The Whitlam industry hits its annual overdrive as the aging 'ragers' self flagellate linking the 1975 removal of Australia's most incompetent Federal government with any contemporary political issues offending the sensibilities of the inner city left. For Australian's November is a set piece of predictable headlines - Melbourne Cup, Gough's latest repetitive interview and Lest We Forget Remembrance Day.

November 11, 1975 thankfully slides away as a irrelevant memory to many Australians and is now thankfully to become a museum oddity. 'Interesting times' appears to link the anti-terror laws with Gough's removal. I declined my invitation to the MCA 'bipartisan' event below.

“Dissident Voices” SPECIAL EVENT 6.30pm Friday 11 November 2005
In association with the exhibition Interesting Times: Focus on contemporary Australian art, the MCA presents a unique twilight event by 3 of Australia’s most radical writers/performers Ania Walwicz, Amanda Stewart & Ruark Lewis, alongside composer-musician Rainer Linz. This bipartisan event will commemorate ‘The Dismissal’ of the Whitlam Government 30 years ago in 4 very different and unexpected ways. MUSEUM OF CONTEMPORARY ART, Level 6 Admission: $12/$10 concessions/$8 MCA Members and AmbassadorsBookings essential as drinks will be served on the rooftop terrace 02 9245 2484 or education@mca.com.au

Meanwhile Piers Akerman takes the blow torch to the rewriting of the Whitlam legacy and the Telegraph's editorial echoes the view of most Australians:

"We're still several days away from the anniversary but there are few tributaries of this most heavily-explored part of our history which have not been given (another) going-over.
Not with any new insights or revelations, no forgotten morsel casting new light on the subject. Instead, it plays like a tragi-comedy of manners, where the same players assume the same roles and go through the same ritualised head-shaking at the day democracy died."
Read more here

It's Time to forget myth of Whitlam
AS THIS Friday's 30th anniversary of the dismissal of Gough Whitlam's dismal government on November 11 draws closer, a claque of self-indulgent old farts are engaging in an orgiastic welter of Whitlamophilia that overlooks some major truths....

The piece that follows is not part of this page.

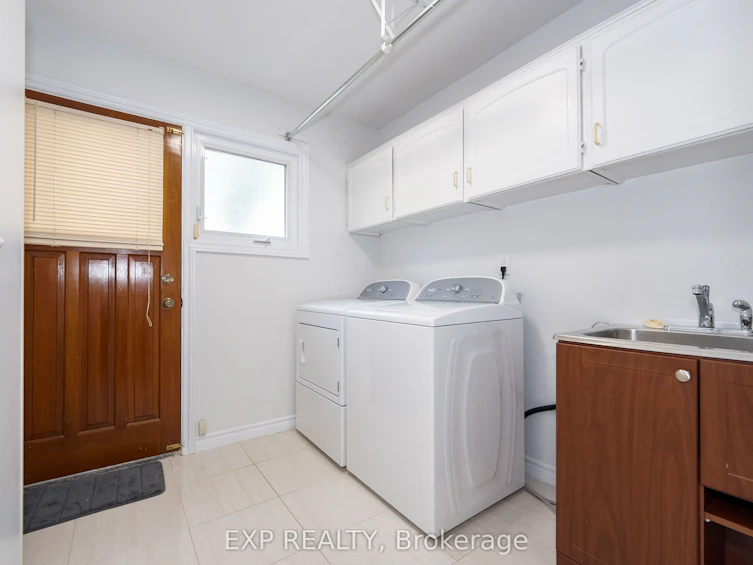 18 Whitman Street, Toronto, ON, M2M 3H8 - 32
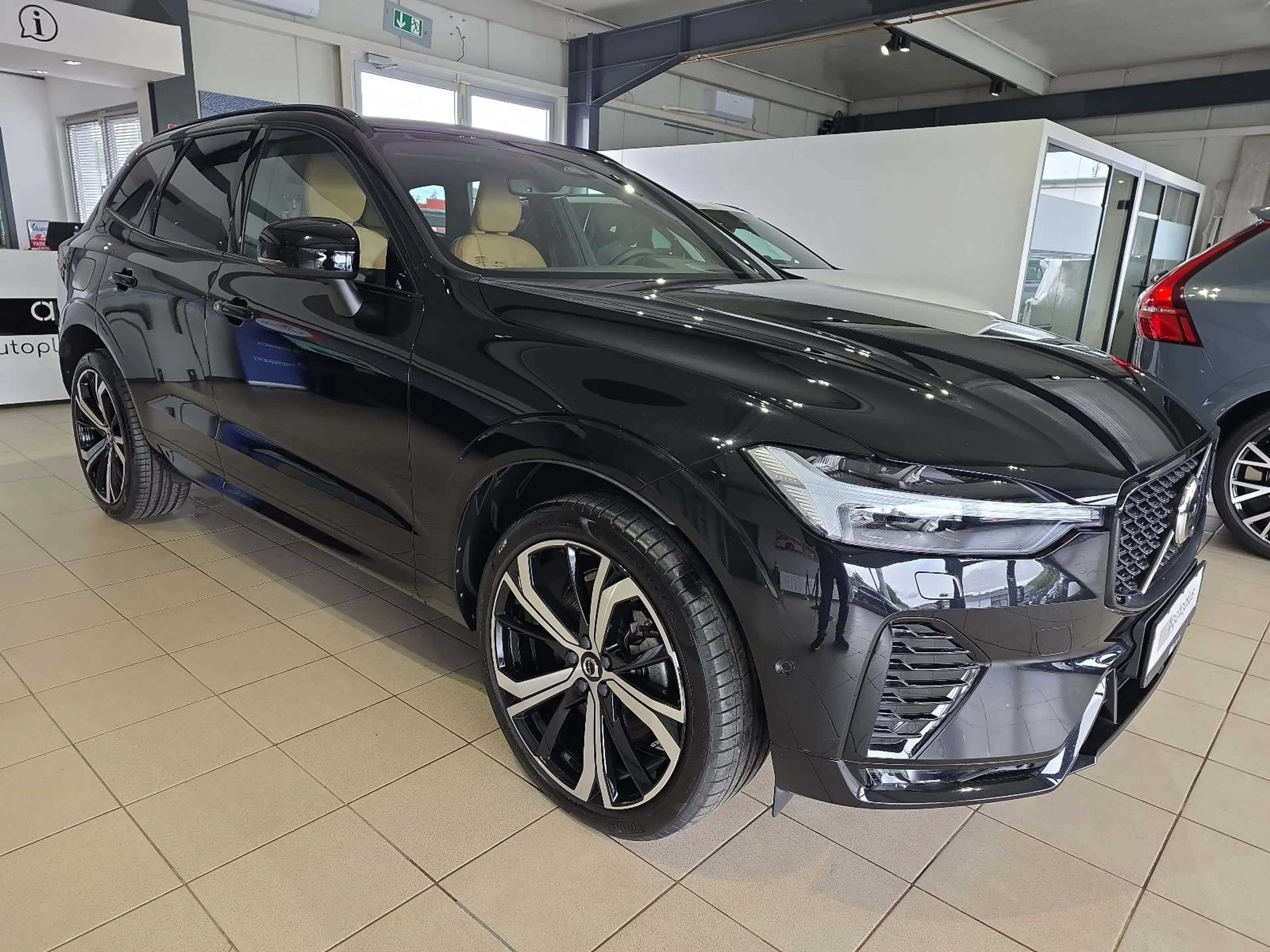 Volvo XC60 B5 (D) Ultimate Dark AWD Massage 360° Pano — photo 5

Clearly, the rage was only to be maintained until polling day.
And for the bulk of Australian voters it was, as, angrily, they voted decisively to dump Labor four weeks later on December 13, when Malcolm Fraser and the Coalition swept into office with 91 seats to Labor's 36. Some rage indeed.
Obviously, it was not the rage that geriatrics who danced the twist to Little Pattie singing Labor's campaign song in the 1972 It's Time election hoped for.
Once again, Labor's inner urban branches had lost the plot as surely as the Whitlam government had lost office.
Thirty years on, all the indications are many of the same people and their indignant younger incarnations are still wedded to the same utopian fantasies that mesmerised the Whitlamites as they wandered the political landscape seeking a messiah to rekindle Labor's phantom Light on the Hill.

Read more here.

Piers reminds us of the appalling Loans Affair where the Whitlam government sought petro funds from the Iraq's Ba'athist connections - conveniently overlooked by the Whitlam industry just as the nod and wink to Indonesia over the East Timor invasionasion is conveniently side stepped by the inner city politically correct. John Howard addressing this national embarrassment will surely be judged by historians as one of his great legacies as Australia's second longest serving Prime Minister.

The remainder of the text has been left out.